On September 9, a KBC spokesperson told wire agency SeeNews, on condition of anonymity, that the Belgian group had been in buyout talks with one of Bulgarias smaller banks. He did not name the targeted bank and neither did the source mention a potential price for the acquisition. More details on the deal would be made available once negotiations were completed, which the spokesperson said should be this year.
KBC is almost certain to finalise the acquisition and, thus, bring DZIs image to date, home yet again. The Belgian giant consistently operates in both the banking and insurance sectors, both at home and in its new markets.
At present, KBC is undergoing an aggressive expansion push. This year alone, it has purchased assets in Central and Eastern Europe for a total price of 1.4 billion euro. Since 2004, expansion focused on Bulgaria, Romania, Russia and Serbia. An acquisition of note is Absolut Bank of Russia as the local banking market is generally closed to foreign capital.
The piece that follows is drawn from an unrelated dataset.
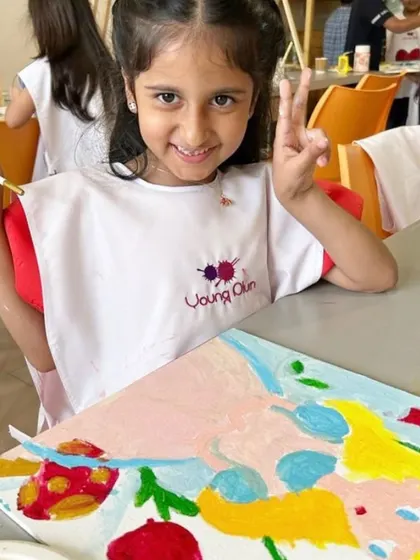 A happy artist with her finished "Alice in Wonderland" painting. Our parties are designed to be fun and build confidence, leaving every child with a sense of accomplishment.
Thomson Financial News quoted KBC officials as saying the buying spree for the year was not over yet. The company was also looking at a Bulgarian bank and an insurer or lender in Serbia. These statements presumed DZI Insurance would not be KBCs only player in Bulgaria for long.
Yet KBCs concept presumes solo ownership, in each country it operates in and if regulations allow. In Bulgaria, the concept is due to materialise within months.
KBC completed the acquisition of 70 per cent of listed DZI Insurance in early August. By early September, it had already raised its stake to 81.21 per cent, a sufficient shareholding to resort to a mandatory buyout on the stock exchange.
On September 5, KBC opened a 28-day offer and DZIs minority shareholders were invited to sell their shares at 188.37 leva a share, a price equalling that paid by KBC on acquisition. The free float, less KBCs shareholding, was 18.79 per cent or 725 282 shares. This meant the total value of the tender offer amounted to 78.4 million leva.
Once KBC was the sole shareholder, DZI would be delisted from the Bulgarian Stock Exchange, provided it gets approval from the Financial Supervision Commission. If delisted, the market capitalisation of the Sofia Stock Exchange would decline by 727 million leva or 2.89 per cent of its value.
KBC said it was open to talks with the financial watchdog on retaining the public status of the company. Yet, no such talks have been reported so far.
Recently, KBC explained its delisting strategy by saying it wanted to be the only publicly traded entity within the group.
Besides, an international company tends to make a subsidiary private whenever it wants accelerate restructuring through faster decision making. Decisions in a listed company take more time because of time-consuming procedures such as convening a general shareholders assembly, waiting for approval from supervisory boards, etc.
On or off the exchange, KBC has struck one of its better deals with DZI. It bought a leader in both the general and life insurance markets. Also, it has made the purchase at a stage when the insurance market is set to boom.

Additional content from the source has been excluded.